(Recorded data)
-- -- --

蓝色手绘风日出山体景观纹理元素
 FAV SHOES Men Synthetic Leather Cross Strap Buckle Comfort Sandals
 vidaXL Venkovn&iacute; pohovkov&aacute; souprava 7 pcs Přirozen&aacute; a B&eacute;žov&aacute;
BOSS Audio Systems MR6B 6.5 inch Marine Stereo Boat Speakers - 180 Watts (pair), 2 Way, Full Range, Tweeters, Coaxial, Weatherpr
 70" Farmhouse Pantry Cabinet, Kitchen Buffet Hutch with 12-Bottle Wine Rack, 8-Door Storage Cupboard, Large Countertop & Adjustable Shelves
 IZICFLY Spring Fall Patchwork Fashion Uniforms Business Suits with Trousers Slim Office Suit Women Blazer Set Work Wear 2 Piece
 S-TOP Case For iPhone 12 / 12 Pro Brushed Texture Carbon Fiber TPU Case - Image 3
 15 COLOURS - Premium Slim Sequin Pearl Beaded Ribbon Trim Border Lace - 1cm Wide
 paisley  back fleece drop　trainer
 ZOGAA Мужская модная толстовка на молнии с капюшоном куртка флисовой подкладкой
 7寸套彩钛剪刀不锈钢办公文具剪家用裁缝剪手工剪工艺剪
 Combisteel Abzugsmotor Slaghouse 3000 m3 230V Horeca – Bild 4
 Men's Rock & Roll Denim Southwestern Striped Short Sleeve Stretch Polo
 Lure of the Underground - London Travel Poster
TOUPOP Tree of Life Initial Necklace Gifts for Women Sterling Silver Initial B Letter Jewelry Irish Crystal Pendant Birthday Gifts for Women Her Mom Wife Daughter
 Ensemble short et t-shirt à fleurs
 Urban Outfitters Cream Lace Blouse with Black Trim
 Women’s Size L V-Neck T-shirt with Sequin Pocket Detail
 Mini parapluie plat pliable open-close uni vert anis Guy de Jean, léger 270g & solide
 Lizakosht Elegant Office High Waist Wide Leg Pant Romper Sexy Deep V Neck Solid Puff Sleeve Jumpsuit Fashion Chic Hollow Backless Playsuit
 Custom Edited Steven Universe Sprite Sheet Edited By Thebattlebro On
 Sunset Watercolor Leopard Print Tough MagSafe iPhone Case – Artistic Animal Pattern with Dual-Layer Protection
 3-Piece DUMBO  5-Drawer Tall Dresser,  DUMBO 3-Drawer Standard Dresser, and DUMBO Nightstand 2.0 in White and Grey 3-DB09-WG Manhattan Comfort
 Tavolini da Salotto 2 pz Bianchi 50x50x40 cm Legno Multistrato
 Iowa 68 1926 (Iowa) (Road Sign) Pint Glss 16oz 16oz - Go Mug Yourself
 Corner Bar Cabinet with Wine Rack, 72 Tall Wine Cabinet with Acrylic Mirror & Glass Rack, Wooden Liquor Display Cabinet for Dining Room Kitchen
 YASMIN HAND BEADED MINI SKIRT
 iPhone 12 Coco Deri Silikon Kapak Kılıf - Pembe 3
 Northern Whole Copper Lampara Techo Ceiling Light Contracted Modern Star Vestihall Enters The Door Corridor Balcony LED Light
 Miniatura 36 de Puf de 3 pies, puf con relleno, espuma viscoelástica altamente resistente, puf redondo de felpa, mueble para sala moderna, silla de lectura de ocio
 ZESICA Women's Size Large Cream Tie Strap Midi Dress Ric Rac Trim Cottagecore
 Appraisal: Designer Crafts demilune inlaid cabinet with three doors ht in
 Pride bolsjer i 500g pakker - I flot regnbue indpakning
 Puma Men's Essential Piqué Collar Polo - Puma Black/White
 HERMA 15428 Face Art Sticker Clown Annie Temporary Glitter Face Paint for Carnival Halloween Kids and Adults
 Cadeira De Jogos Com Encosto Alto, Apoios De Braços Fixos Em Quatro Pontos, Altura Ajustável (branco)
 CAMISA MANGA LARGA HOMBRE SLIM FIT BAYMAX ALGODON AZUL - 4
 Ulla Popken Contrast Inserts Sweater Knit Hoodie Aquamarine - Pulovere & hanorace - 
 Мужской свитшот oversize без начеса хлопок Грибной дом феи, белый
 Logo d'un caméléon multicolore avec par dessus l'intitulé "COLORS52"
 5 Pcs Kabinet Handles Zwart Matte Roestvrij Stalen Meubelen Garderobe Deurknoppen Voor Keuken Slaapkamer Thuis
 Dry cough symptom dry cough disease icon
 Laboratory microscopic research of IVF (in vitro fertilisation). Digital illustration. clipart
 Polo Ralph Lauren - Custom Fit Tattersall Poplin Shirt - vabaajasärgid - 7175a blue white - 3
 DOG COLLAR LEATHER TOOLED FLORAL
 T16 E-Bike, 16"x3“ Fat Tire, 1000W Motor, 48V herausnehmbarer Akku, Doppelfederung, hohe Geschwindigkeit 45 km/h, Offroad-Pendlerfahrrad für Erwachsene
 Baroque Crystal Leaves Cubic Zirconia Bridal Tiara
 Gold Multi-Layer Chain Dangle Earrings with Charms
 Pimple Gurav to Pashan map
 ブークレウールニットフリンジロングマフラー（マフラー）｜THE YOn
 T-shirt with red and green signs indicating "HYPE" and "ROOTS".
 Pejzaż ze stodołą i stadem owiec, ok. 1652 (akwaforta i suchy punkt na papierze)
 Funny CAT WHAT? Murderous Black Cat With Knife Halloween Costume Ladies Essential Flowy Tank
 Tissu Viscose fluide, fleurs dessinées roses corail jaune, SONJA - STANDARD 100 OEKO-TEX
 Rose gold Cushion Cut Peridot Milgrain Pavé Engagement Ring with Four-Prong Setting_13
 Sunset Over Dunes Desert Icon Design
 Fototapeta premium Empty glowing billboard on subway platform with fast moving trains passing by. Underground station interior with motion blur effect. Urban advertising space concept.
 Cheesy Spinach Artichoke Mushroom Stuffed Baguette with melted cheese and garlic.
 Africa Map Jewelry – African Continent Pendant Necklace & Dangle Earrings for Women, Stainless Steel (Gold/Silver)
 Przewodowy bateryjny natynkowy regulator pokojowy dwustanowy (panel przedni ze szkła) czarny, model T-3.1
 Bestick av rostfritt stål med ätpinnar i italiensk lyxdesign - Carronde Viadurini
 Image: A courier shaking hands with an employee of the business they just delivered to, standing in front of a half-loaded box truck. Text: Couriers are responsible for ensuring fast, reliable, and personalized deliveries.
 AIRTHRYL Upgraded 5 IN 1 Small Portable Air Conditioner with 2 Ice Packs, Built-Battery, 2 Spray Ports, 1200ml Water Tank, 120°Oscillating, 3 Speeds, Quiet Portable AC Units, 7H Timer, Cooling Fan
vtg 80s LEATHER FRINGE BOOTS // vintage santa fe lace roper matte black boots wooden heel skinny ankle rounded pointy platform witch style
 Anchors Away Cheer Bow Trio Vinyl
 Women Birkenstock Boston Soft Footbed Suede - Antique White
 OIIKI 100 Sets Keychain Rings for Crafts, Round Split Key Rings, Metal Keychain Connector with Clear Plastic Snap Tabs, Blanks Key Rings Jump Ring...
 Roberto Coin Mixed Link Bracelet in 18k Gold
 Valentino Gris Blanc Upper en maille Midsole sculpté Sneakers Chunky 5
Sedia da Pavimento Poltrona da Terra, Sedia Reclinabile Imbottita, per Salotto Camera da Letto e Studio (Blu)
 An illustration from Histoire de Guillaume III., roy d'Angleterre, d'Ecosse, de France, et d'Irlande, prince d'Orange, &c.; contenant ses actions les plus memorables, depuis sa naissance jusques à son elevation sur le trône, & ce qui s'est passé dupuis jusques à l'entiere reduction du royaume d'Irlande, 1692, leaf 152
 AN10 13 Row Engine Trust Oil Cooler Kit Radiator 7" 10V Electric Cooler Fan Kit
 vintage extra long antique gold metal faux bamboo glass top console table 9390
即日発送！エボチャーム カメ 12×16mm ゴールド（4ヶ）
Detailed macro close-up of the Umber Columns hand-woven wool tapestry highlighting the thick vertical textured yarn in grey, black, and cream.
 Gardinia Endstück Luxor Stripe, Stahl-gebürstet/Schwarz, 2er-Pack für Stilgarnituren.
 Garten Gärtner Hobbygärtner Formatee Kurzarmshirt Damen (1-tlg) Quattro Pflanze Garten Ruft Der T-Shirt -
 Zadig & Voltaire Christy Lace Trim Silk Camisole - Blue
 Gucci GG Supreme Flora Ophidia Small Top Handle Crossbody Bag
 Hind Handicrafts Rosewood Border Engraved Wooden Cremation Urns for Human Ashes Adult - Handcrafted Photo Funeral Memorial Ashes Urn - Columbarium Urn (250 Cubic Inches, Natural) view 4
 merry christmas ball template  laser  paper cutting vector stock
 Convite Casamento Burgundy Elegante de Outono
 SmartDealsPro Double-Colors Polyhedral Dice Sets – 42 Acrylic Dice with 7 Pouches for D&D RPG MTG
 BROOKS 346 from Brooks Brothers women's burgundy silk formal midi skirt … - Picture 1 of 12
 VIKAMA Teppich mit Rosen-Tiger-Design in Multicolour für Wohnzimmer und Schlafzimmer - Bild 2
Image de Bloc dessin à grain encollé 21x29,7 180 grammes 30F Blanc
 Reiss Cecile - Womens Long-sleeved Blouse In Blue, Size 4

-- -- --

## [TRY IT]
From the entries above, copy out every line where the string "Wine" appears.

## [RESULT OF THE EXERCISE]
 70" Farmhouse Pantry Cabinet, Kitchen Buffet Hutch with 12-Bottle Wine Rack, 8-Door Storage Cupboard, Large Countertop & Adjustable Shelves
 Corner Bar Cabinet with Wine Rack, 72 Tall Wine Cabinet with Acrylic Mirror & Glass Rack, Wooden Liquor Display Cabinet for Dining Room Kitchen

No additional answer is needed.